Throughout his training, he has not held back from raising concerns or laying complaints when he considers training or practice standards are below par. It has not made his training path simpler, nor has it always made him friends.
“I’m one of the only GP registrars that [have] submitted complaints. I remember my colleagues told me, ‘Pedram don’t submit a complaint, you will get into trouble’, and I think I paid the price for not listening.
“So that’s why people don't submit complaints because they don’t want to get into trouble.”
He doesn’t regret putting his neck out when advised to pull it in, as he is driven by a personal zeal to try to prevent other GP registrars from having poor experiences, he says.

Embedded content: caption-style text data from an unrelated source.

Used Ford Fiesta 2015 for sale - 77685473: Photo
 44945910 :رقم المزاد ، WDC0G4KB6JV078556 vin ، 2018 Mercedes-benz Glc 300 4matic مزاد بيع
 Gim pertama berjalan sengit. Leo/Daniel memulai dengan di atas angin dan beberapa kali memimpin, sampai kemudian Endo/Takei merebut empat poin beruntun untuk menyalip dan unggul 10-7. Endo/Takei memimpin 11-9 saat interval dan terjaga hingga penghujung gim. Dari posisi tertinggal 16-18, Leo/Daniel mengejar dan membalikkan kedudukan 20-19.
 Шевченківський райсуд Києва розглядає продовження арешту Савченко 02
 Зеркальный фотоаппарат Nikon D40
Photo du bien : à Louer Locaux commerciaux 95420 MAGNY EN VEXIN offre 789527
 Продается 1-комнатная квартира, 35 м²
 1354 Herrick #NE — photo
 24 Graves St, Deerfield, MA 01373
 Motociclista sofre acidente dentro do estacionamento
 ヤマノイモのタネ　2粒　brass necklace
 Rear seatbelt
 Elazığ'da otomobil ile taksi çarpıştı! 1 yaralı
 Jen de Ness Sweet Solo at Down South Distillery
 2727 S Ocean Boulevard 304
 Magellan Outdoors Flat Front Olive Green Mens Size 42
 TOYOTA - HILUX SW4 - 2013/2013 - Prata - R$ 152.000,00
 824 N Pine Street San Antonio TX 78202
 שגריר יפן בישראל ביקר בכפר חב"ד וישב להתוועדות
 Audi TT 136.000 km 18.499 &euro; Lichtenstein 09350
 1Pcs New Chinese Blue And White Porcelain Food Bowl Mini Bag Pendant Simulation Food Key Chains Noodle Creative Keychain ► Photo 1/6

It was a case of fifth time lucky for his last GP registrar employer, specialist GP Lorna Martin, who at the time, was co-owner of the Woodend Medical Centre and Rangiora Family Doctor practices north of Christchurch.
“If, from the beginning, I was just working for Lorna Martin, none of these things would have happened to me,” he says.
Dr Martin, now retired as a GP but continuing as chair of the largely rural-focused Waitaha PHO, describes her former employee and colleague as a “great asset”. Medically, she says his knowledge is good, he is very committed, and he works hard for his patients who give the practice good feedback. “Patients really like to see him and go out of their way to get appointments with him.”
While at Woodend, Dr Zawarreza applied for his fellowship assessment to discover he was not eligible, as the small practice – to be closed and merged with Dr Martin’s and another South Link co-owned Rangiora practice in late 2023 – did not have RNZCGP foundation standards.
It was another hiccup, but he stuck with his Woodend patients rather than leave them early to speed up his fellowship. Dr Martin says when Woodend closed, and Dr Zawarreza shifted to Rangiora, the patients followed him. “Which I think is the biggest compliment you can pay a doctor.”
With fellowship at last in sight, Dr Zawarreza started looking for a practice to buy last year, leading to some locum shifts at Christchurch’s Hornby Medical Centre while he considered buying out one of the GP partners.
“I loved working with them, and they enjoyed working with me, so we realised I was a good fit for the team.” He started full time at the practice in March and “couldn’t be happier”.
He plans to continue a Sunday urgent-care shift at Riccarton Clinic he started in 2024. Last year, he also enrolled in a master’s in medical education at the University of Auckland after discovering he loved teaching medical students during their practice placements. Then, there are the research projects he wants to pursue to help his patients with diabetes.
He appears to be a workaholic.
Working six days a week is normal in Iran, he says. “And I love what I do. The work doesn’t stress me out.”
What does stress him is the risk of other GP registrars, particularly vulnerable IMG doctors, having bad training experiences.
Dr Zawarreza describes as “awesome” the Government’s early March announcement of 100 clinical placements in general practice over the next two years for NZREX doctors. He wants New Zealand to embrace and support IMGs to help boost the GP workforce by providing the mentorship, protection and educational support they need to do so safely.
“We need more doctors, but we need to facilitate their entrance to the medical system; otherwise, you will lose them to Australia and other countries.”
After his 15-year journey to becoming a GP, he wants others who follow him to not just survive but thrive.